Tuesday, November 2

Blossom Goes Raw

Blossom is my dalmatian/border collie mix. When I adopted her nearly eight years ago (she is now almost 15 years old), I took her to the vet several times because I couldn't put weight on her. She was perpetually skinny. After numerous tests and exams, the vet told me that she'd never be a chubby dog. The mix of two hyper dog breeds had made her a nervous, picky, energetic dog who would always be thin.

Two or so times a year, however, she'll go through a period of time where she doesn't want to eat. Anything. I'm one of those people who tell customers that they just need to wait it out - eventually the dog will eat, because they won't let themselves starve to death. Blossom would. When this happened the first time, I served her the same bowl of kibble for four days - and she didn't eat a single piece. She got nothing else at all - she simple refused food. On the fifth day, I caved in and gave her canned food, which she daintily lapped up.

Since that time, when we have these periods, I'll go out and buy her whatever she'll eat - which usually means going down in quality. Blossom tends to prefer the most disgusting, crappiest dog foods on the market, and as a rule, in canned form. I cringe when I feed her this disgusting smelling crap that I wouldn't even give to a stray dog. This will continue until she's no longer interested in the junk, and I switch her back to what everybody else eats.

This time, however, Blossom wasn't very interested in horrible food either. She'd pick out a piece or two, and leave 9/10ths of the bowl behind. All the weight I painstakingly put on her melted off, until her hips stuck out. She'd never been this scrawny. It was time for action.

One of my agility instructors feeds a raw diet called Honest Kitchen. It's human grade, and weirdly, it's dehydrated. I figured I'd give that a shot - I could just mix it in with her kibble like canned food, and since it was such a high quality, maybe she'd like it. I ordered two different kinds, and when they arrived, I mixed her a large bowl and happily set it in front of her. She looked at it, and she looked at me. She poked it with her nose. Blossom let out a huge, exasperated sigh, and left the kitchen. And that was the end of Honest Kitchen. She did eat a mouthful of the other flavor I prepared later, then kicked her food bowl as she marched away. Clearly, this food wouldn't cut it.

I then got the brilliant idea of feeding her raw. I'm not too terribly into raw foods, for one, because with six dogs, I'd have to get another full-time job to pay for it, and for two, I would be absolutely terrified of forgetting some key vitamin or something that the dogs would need for good health. However, Nature's Variety makes a frozen raw food so that you don't have to remember anything. Defrost, serve, you're done. It is, however, insanely expensive. I calculated that for the weight I would LIKE Blossom to be, she'd need to eat around 8oz a day of the raw diet. That would cost roughly $64 a month. While I do buy premium dog food for my dogs, all six of them together can live on their kibble for that same price. That's quite a cost issue.

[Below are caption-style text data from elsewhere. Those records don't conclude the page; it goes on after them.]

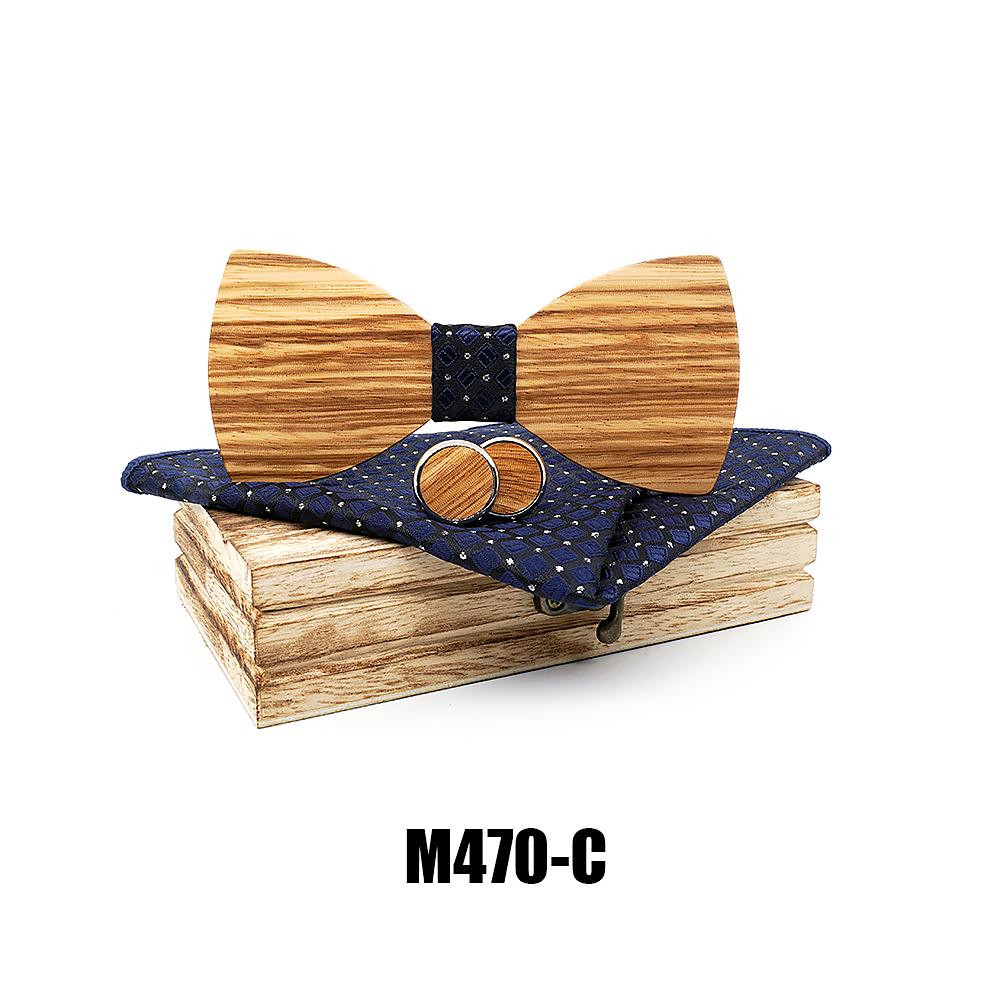 M470 M470  Solid Bow Tie Set, Zebrawood — colour C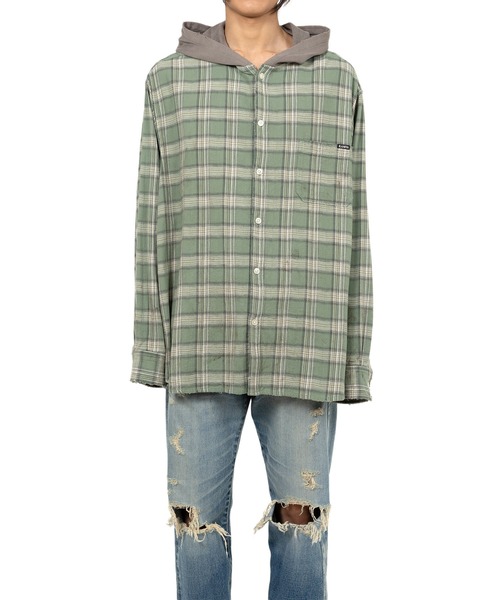 KAMIYA（カミヤ）の「Hooded Check Shirt（シャツ/ブラウス・メンズ・レッド/ブラック/ブルー/グリーン・S/M）」の9枚目の写真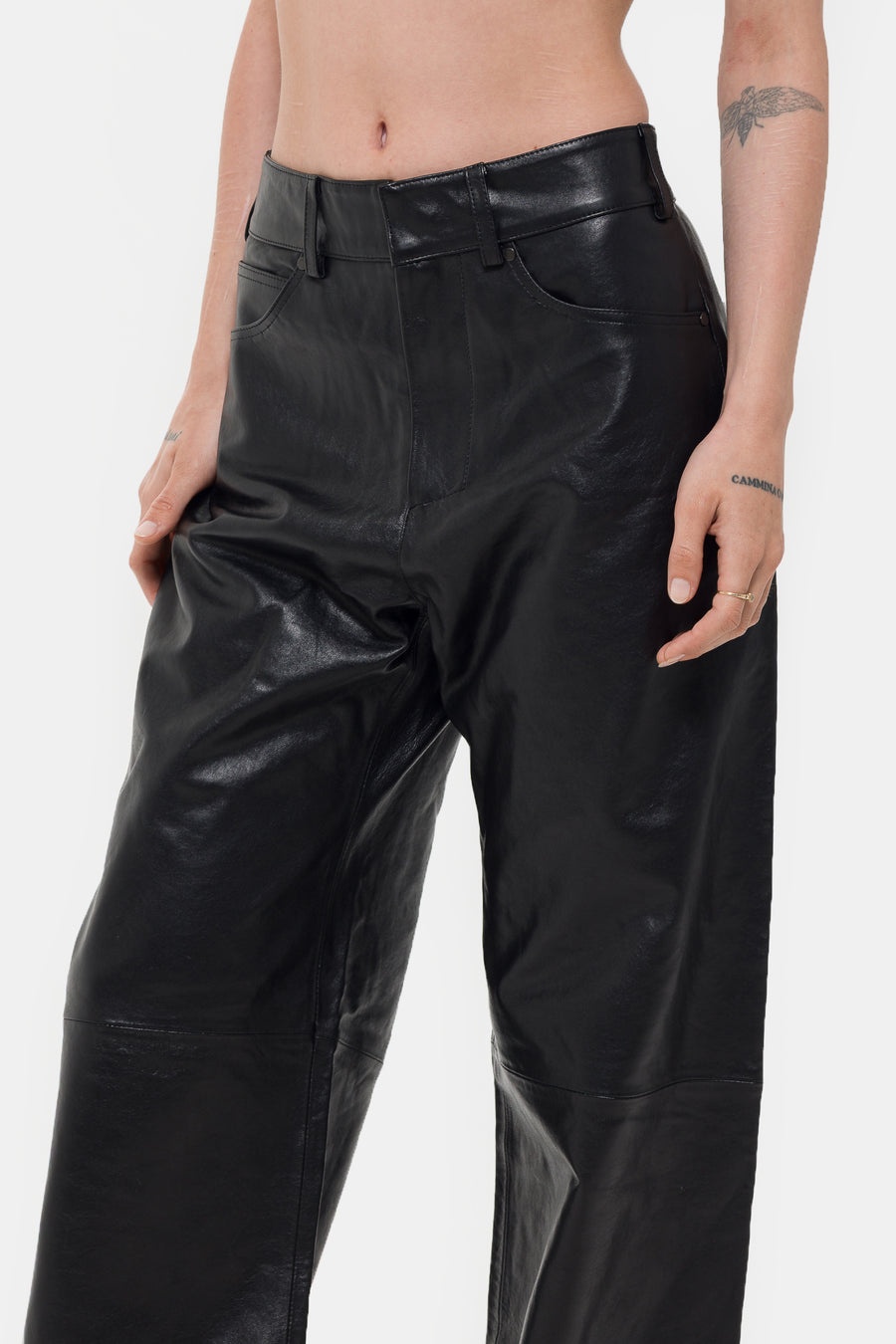 Leather Straight Leg Pant in Black - 4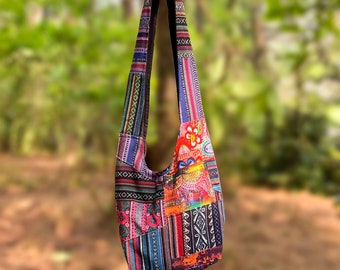 Sac à bandoulière végétalien bohème en patchwork coloré de style américain fait main sac bandoulière polyvalent pour femme sac à provisions sac à main festival de plage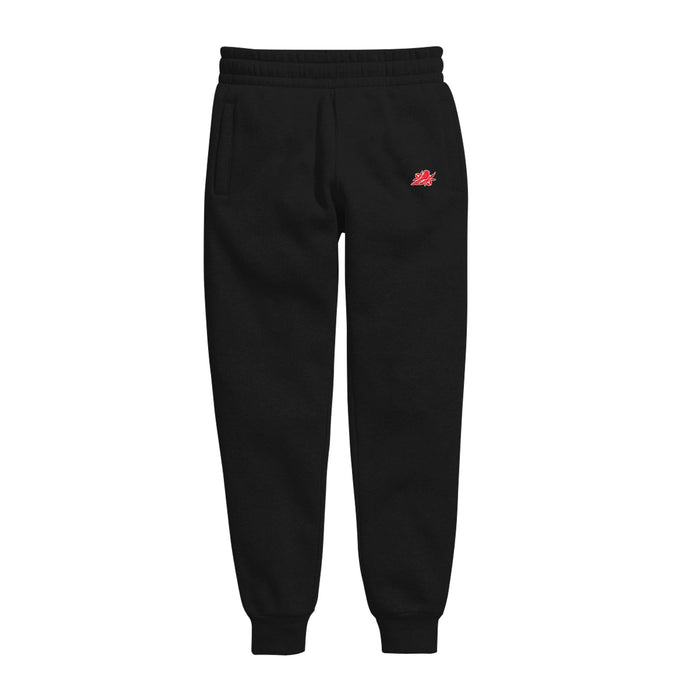 Bayside black varsity sweatpants with elastic waistband, cuffs, side pockets, hidden zipper pocket, and a small red embroidered logo on the left thigh shown on a plain white background.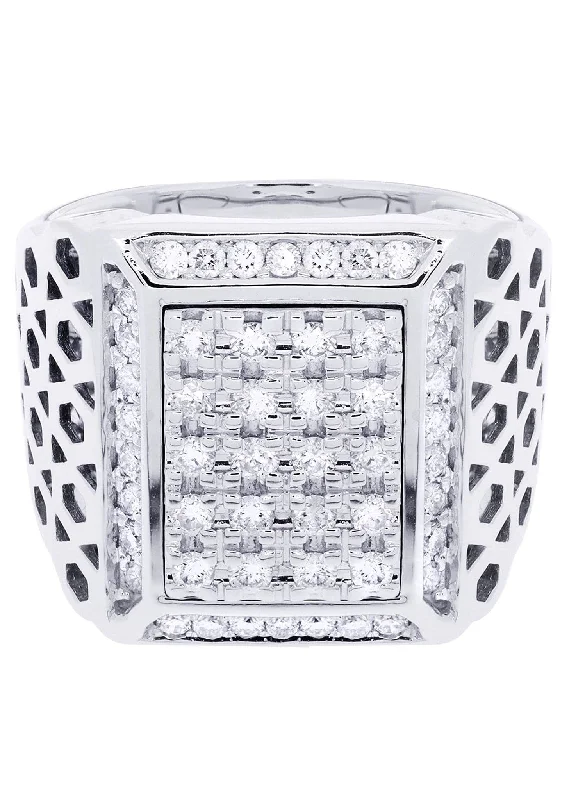 Shop Dazzling Jewelry At The Best Prices White Gold Mens Diamond Ring| 1.03 Carats| 19.11 Grams Shop Dazzling Jewelry At The Best Prices White Gold Mens Diamond Ring| 1.03 Carats| 19.11 Grams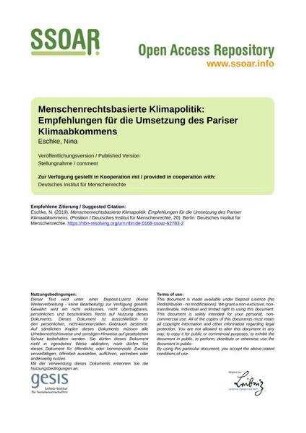 Menschenrechtsbasierte Klimapolitik: Empfehlungen für die Umsetzung des Pariser Klimaabkommens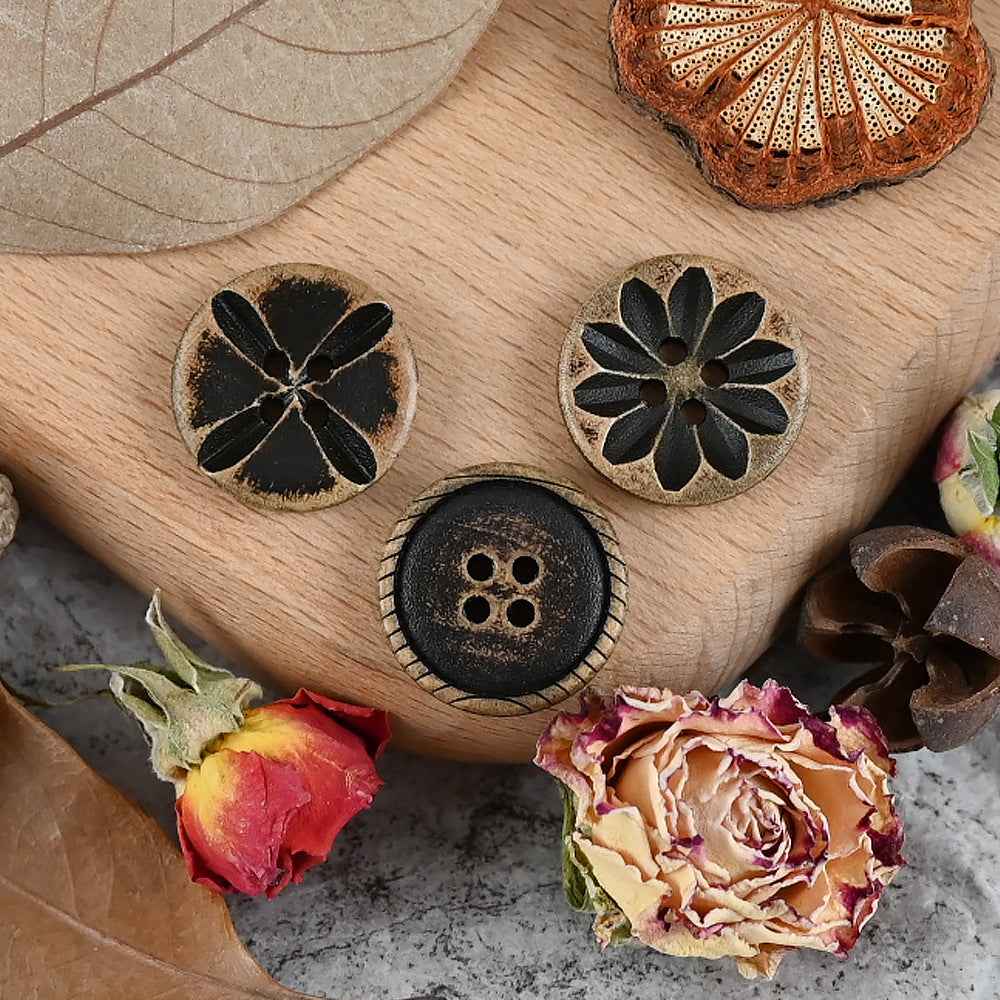 11-20mm Vintage Distressed Laser Engraved Wood Buttons for Children's Clothing 50pcs - Lots of Buttons
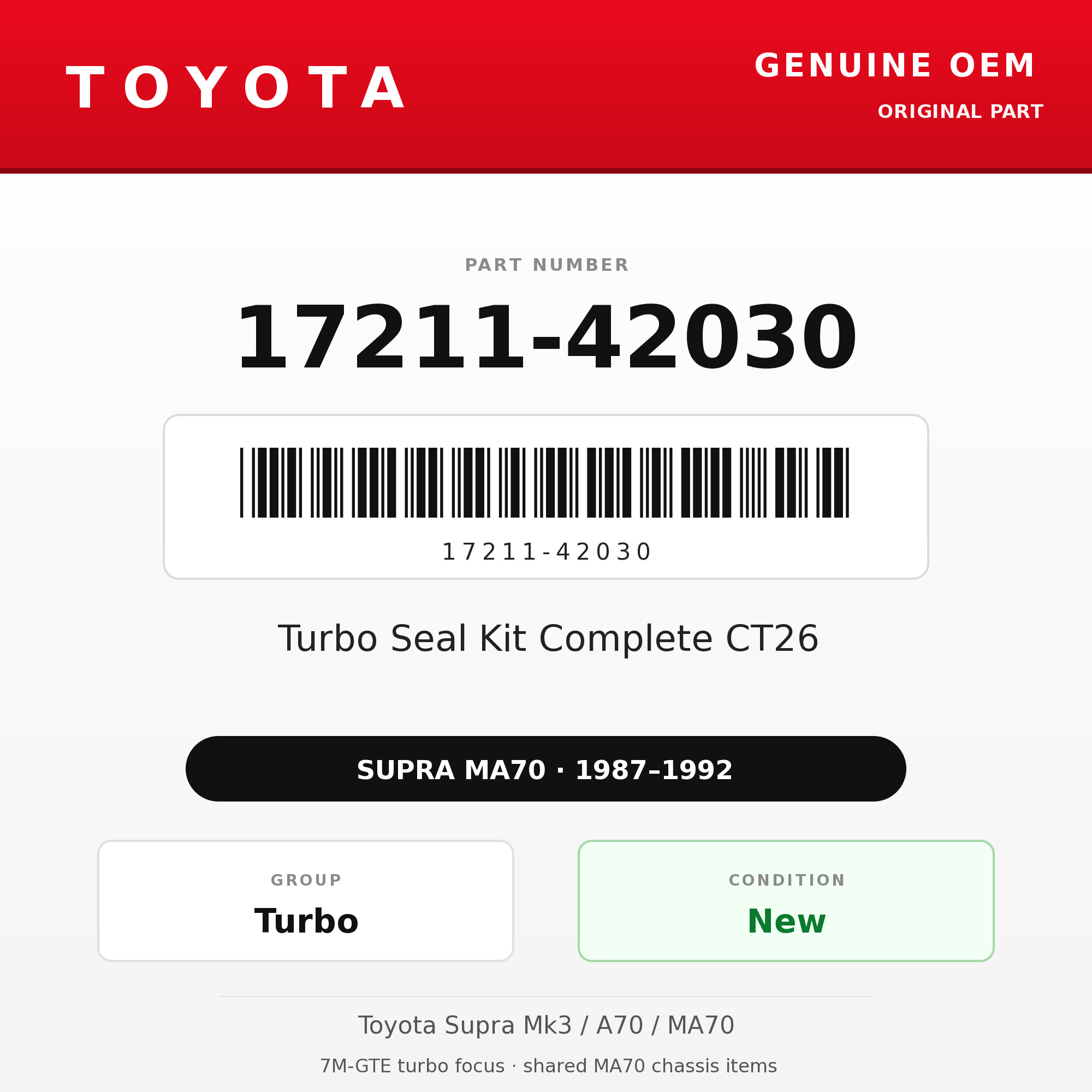 Genuine Toyota OEM 17211-42030 - Turbo Seal Kit Complete CT26 (87-92 Supra)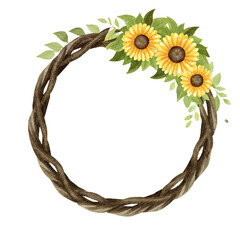 Watercolor wreath with sunflowers and leaves on transparent background.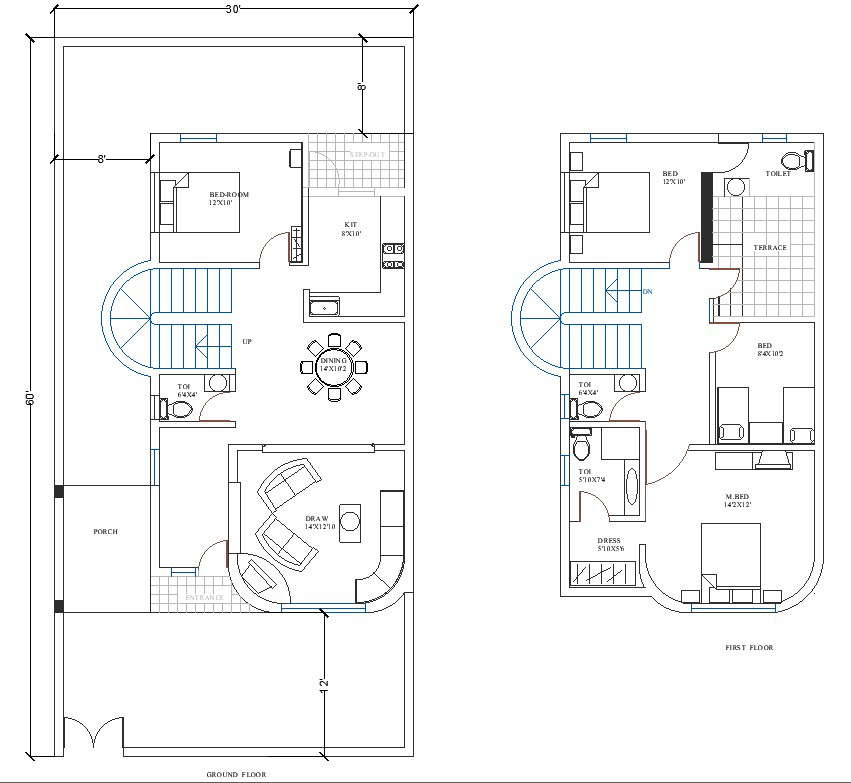 30' x 60' 4 BHK House plan With Porch Area Architecture Cad File. - Cadbull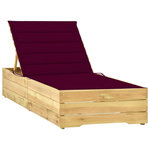 VIDAXL Chaise longue avec coussin bordeaux Bois de pin impregne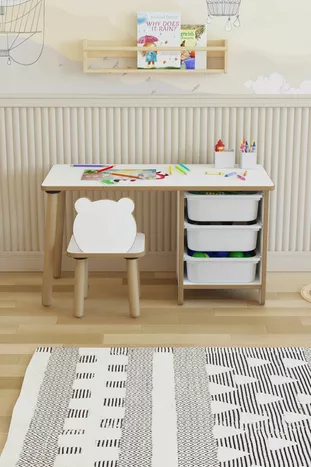 Ensemble Table et Chaises pour Enfants - Bureau d'Activité pour Enfants avec 3 Paniers, Tableau Effaçable à Sec, Chaise Panda
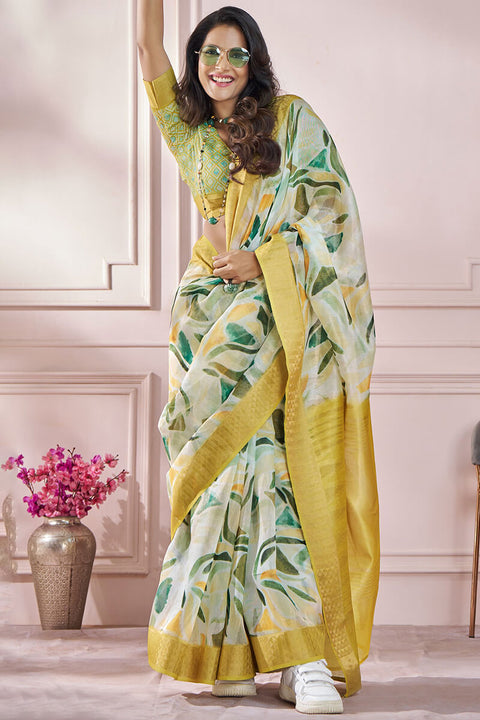 VastraLakshmi Bewitching Mustard Digital Printed Soft Silk Saree With Cynosure Blouse Piece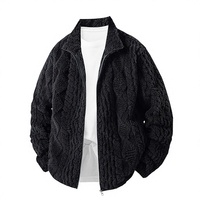 Veste d'hiver pour homme en polaire texturée 3D G-stone, taille européenne, épaisse, en corail, avec fermeture éclair, coupe décontractée, pour le marché transfrontalier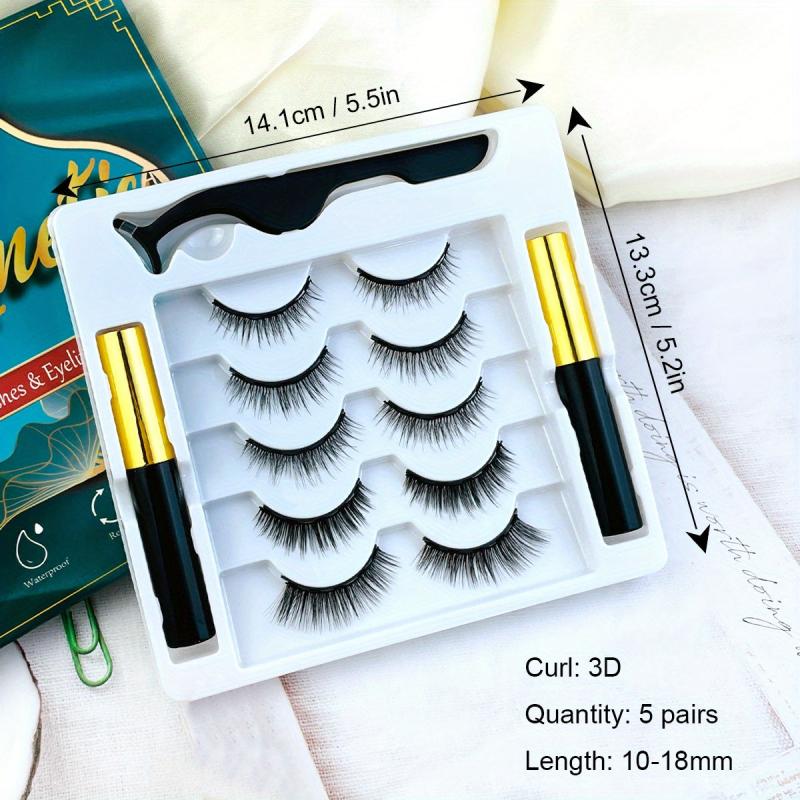 Magnetic Eyelashes with Eyeliner Kit 5 Pairs Natural Looking Waterproof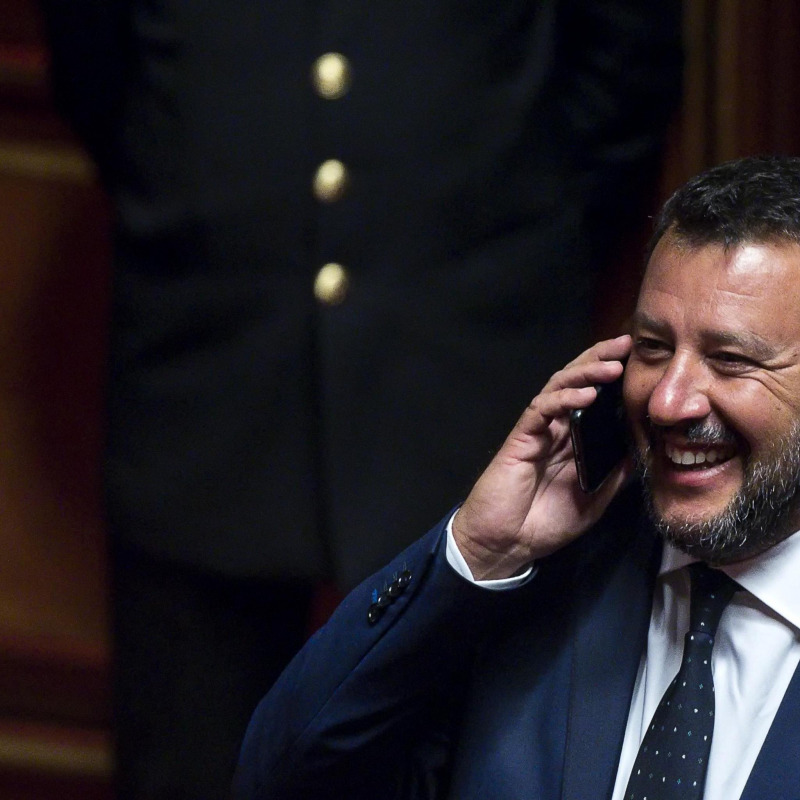 Matteo Salvini in aula al Senato durante il voto di fiducia sul decreto sicurezza bis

I bought her the food, defrosted it, and decided to use a few less patties and stick them over top of a small amount of kibble, hoping she might eat the kibble so I could at least save a few dollars by not going totally raw. Normally you would want to slowly switch a dog over to raw, but when your dog isn't eating ANYTHING, you don't have much of a choice.

Blossom had that meat gulped down before I had gotten more patties out to defrost for the next meal.

Today, a few days after starting, she actually licked her bowl completely out. I can't recall the last time that has happened. She is eating the kibble (I put 1/2 cup in with each meal, and 3 medallion patties) without a problem. I really don't want to stop feeding the kibble, I want her crunching up stuff as long as she has teeth. I do squash it around a bit so the raw stuff touches all the kibble.

It's too early to see many benefits of a raw diet, but then, I didn't switch for any of those reasons. I just wanted my dog to eat. And if she wouldn't eat raw meat, I had very little hope that she'd eat anything else, either. I will say that she made the switch without any digestive problems, amazingly, and her poop is now roughly the size of rabbit pellets, which is fairly impressive. It would be nice if she gets better smelling breath.

So hopefully she'll start putting on some weight, and stop looking like Skeletor. It's pricey, for sure, but if she'll eat it, and KEEP eating it, it's worth it.